On November 1, 2019, School of Pharmacy saw a change in leadership as Dean Doukas stepped down and was succeeded by Jayanth Panyam.

==Academics==
Temple University School of Pharmacy awards Doctor of Pharmacy degree which is its main offering. In addition, a graduate program in Pharmaceutical Sciences is established with concentrations in Medicinal Chemistry, Pharmaceutics and Pharmacodynamics available offering Master of Science and Doctor of Pharmacy degrees. A Master of Science in Quality Assurance and Regulatory Affairs has been established since 1968 as the first program of its kind in United States at that time.
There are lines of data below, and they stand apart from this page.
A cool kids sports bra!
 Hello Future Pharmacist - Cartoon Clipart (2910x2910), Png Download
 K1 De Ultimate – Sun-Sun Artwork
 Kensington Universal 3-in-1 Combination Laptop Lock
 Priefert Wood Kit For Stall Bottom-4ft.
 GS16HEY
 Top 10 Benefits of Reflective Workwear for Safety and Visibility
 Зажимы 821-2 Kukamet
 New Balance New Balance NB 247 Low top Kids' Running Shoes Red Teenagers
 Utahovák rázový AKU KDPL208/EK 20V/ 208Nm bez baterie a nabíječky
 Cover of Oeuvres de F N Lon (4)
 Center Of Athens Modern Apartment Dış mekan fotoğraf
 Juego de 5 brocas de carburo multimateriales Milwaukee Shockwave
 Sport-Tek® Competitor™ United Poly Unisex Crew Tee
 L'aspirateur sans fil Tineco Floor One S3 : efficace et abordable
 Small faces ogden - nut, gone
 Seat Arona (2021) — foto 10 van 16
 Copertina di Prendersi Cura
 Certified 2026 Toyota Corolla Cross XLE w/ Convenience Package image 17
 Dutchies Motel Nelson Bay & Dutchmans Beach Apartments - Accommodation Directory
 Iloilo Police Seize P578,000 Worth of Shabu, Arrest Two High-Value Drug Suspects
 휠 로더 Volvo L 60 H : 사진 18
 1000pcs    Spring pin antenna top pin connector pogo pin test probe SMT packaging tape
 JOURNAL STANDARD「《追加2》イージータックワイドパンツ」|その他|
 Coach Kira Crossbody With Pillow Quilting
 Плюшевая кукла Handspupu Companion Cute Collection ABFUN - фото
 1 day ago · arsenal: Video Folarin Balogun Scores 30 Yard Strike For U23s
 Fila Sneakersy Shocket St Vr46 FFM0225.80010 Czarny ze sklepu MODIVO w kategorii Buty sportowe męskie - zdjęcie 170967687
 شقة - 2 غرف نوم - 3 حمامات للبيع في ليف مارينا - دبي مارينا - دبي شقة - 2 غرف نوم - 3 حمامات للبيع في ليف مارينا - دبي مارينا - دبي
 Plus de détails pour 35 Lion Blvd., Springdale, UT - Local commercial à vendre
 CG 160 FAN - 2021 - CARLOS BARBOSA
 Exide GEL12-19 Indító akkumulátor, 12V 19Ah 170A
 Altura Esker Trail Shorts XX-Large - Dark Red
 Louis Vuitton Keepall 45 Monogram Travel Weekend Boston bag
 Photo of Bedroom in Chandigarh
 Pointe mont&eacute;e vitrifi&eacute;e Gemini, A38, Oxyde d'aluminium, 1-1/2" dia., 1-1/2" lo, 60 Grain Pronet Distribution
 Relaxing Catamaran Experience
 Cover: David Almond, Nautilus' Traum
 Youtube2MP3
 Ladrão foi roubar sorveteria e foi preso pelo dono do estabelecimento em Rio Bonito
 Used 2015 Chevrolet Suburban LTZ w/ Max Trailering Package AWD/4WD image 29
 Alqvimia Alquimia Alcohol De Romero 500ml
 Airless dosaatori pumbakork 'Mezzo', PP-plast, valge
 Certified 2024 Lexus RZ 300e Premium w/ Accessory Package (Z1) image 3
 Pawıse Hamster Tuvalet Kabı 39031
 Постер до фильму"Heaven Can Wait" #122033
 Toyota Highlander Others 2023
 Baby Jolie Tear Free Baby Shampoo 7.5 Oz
==Kendig Memorial Museum==
The museum is dedicated to the memory of Dean Harvey Evert Kendig who served the School of Pharmacy from 1907 to 1950. It was opened in 1957 and moved to its current location in 1974. The museum houses fixtures which were originally part of Old Morgan Pharmacy, where Wyeth Brothers worked who went on to found Wyeth. The collection also houses pharmaceutical equipment, specie jars, show globes and other equipment of an apothecary.